Saturday, January 4, 2014

Getting Fried

Saturday, the Kozinski family could be seen in a white Toyota heading (sort of) towards Sydney. The gps lady (we named her Luckis) has an Australian accent, so we definitely missed some important turns ("Tahrn reyet at Cah-h-eel"--what?). Unlike most people that day headed to the beach, we didn't care that we had to 'mayek a Yew tahrn at theu nixt rauondabaout' about ten times, because everything was new and fun to look at...Thaddeus figured out how to attach the i-phone to the car speakers, so we played Olaf Arnads "For I am Winter" just to remember Lander and for the sheer beauty.

Overall, we did pretty well. No WWIIIs in the stress of new driving in a new place. The kids are holding up okay, sans some roller-coaster emotions: "I love it" "I want to go home" "Oh, look at THAT. Cool."

Sydney is almost a large-scale Venice, because water is an integral part of the city and its identity; the difference is, I suppose, that the Sydneans very wisely built with nature, not against it. I saw no desperate Italian suction crews. The early Sydneans were trying to survive, not conquer, nature; it is hard to make out the brutal and barren history of the first white people in the stunning natural beauty here, beauty that has been not counteracted but rather celebrated. What they've done in 150 years (about the same time Lander has had) to create beauty tells you something about how nature plays a part in the development of architecture and visible culture.

We came, finally, across a large spit of land that joins onto the Manly area. TJ was at first disappointed because the water looked--well, very calm--and he was looking for thirty-foot waves he could immediately surf. I said, "It looks like a bay, not the ocean" and then remembered that we were probably looking at the bay side of the Manly spit, not the ocean side...we then strolled across down the throughways towards the ocean, waiting to catch a glimpse of the blue, that blue glint, like the wink of God, that always, and ever has, thrilled me since I was a child in Greece, staring out the Opel window for that first glimpse of impossible blue.

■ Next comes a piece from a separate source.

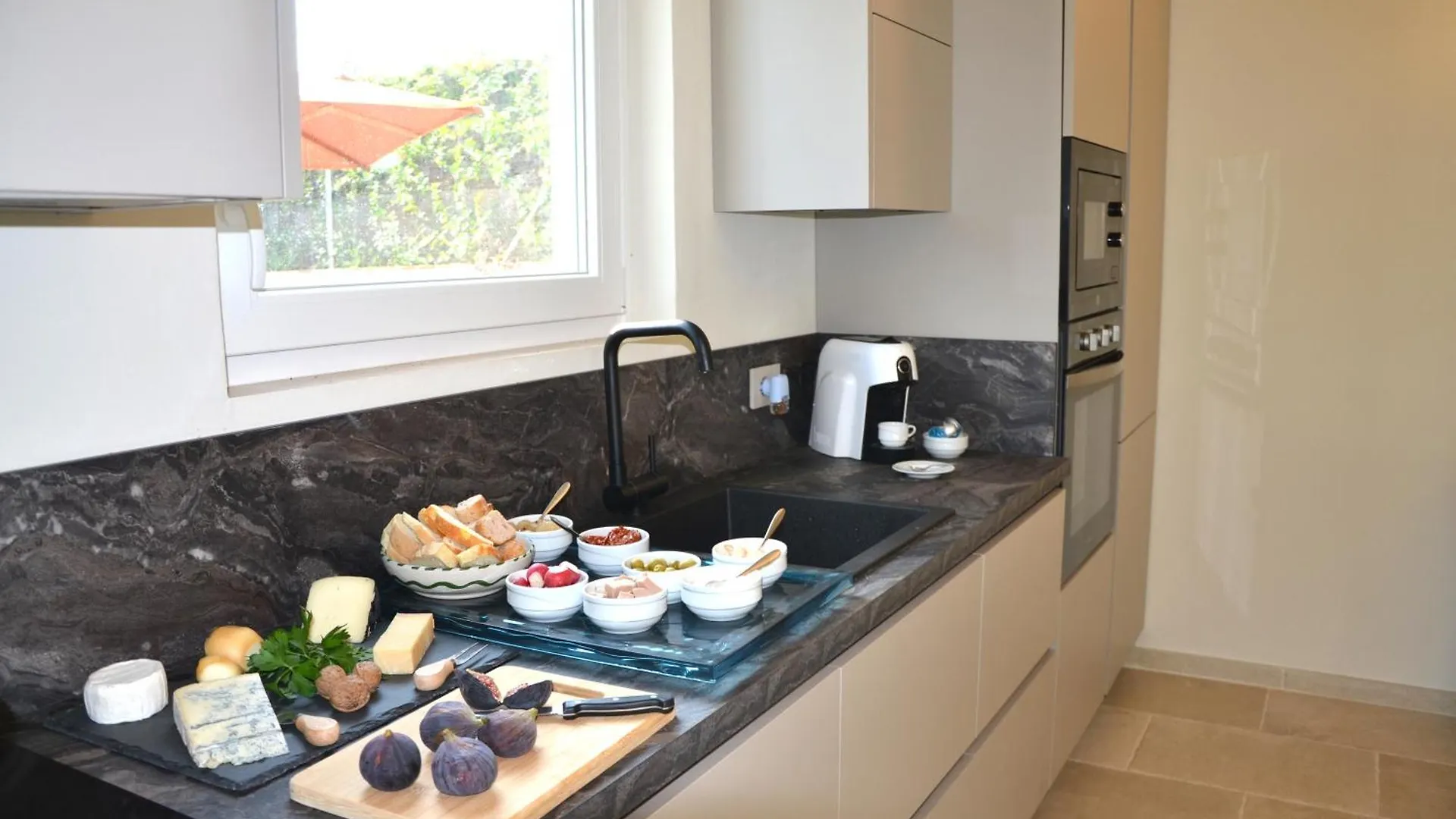 קמאיורה Villa Costa Medea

The street with its little stands thrilled me, too. I saw beach girls in long flowing dresses, the bottom of their long hair sea-bleached, and I thought again, as I did in Santa Cruz, "My people." It is as I looked as a child, brown and sea-bleach blond. The market area was also like Venice Beach a bit, but thankfully, I saw NO near-naked women on roller skates or people looking crazy for the sake of looking crazy...like their city, the styles seem to go with the nature around, not with rabid individualism. The freak show at Venice always made me want to barf.

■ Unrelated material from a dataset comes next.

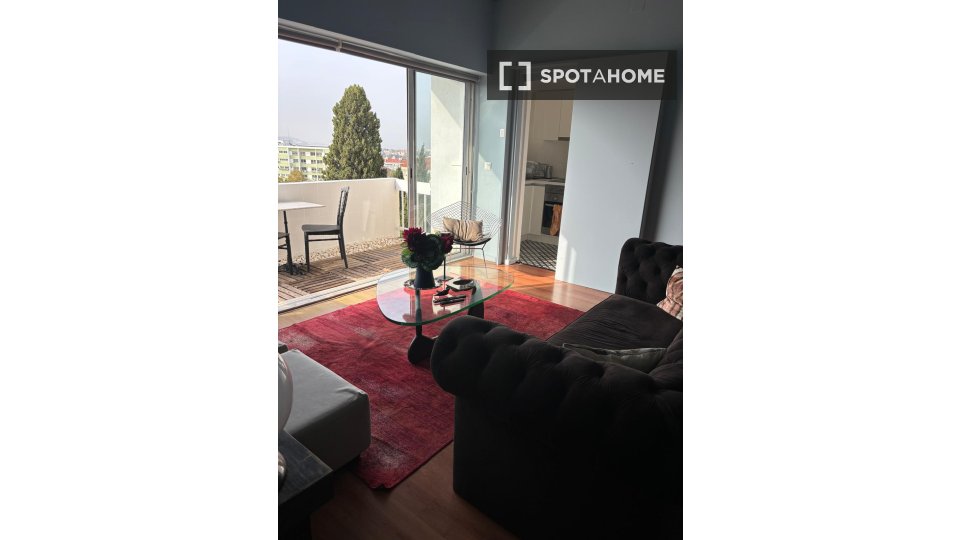 Apartment Lisbon, 1 bed, 55m² — photo 3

The glint of blue came, with the roar of real waves for TJ. The water was not only blue, but green and clear, and the sand is the color of peach, not white. We found a small spot in the sea of humanity and the kids put on their rash guards and went in to ride the waves. I watched a Beauty Couple who nonchalantly leaned against their tattered surfboard, sleeping in the sun. They got up with youthful grace and shook the sand out of their golden locks, equally long hair, the man as beautiful as the woman. They looked so tan.

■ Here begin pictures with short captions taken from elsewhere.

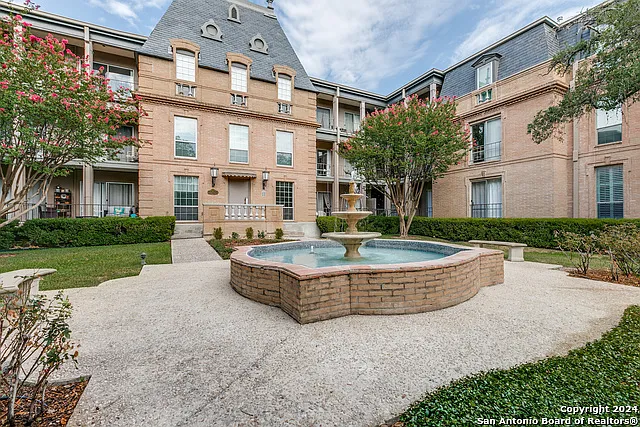 7709 Broadway #113
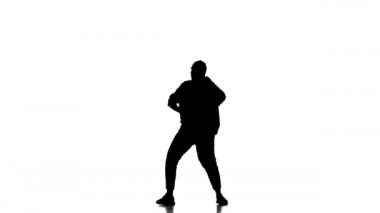 Beyaz arka planda siyah bir siluet eşofman ve beysbol şapkalı genç bir kız dansçı hip hop, çağdaş, modern sokak dansı, yavaş çekim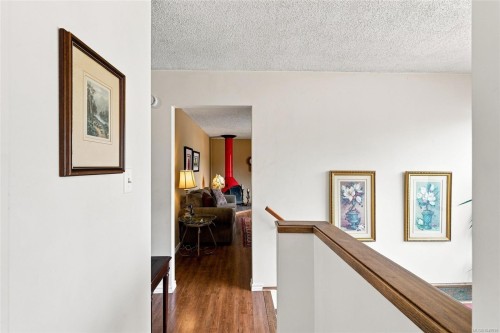 2247 Rosstown Rd, Nanaimo, BC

I looked down at my Wyoming winter arms and realized that I was getting fried. I went in the water and Thaddeus threw me in. Divorce on the horizon for a second. Then I was glad to have a husband who still likes to play like a child. Sort of. He is kind of a Large TJ.

For a few hours, all the busy-ness of the last months--the daily grind plus getting ready for this move--seemed to fall away; I felt like a bird flying.

Then, I had to look online for rentals. What does a 'cottage' or 'modest home' mean here?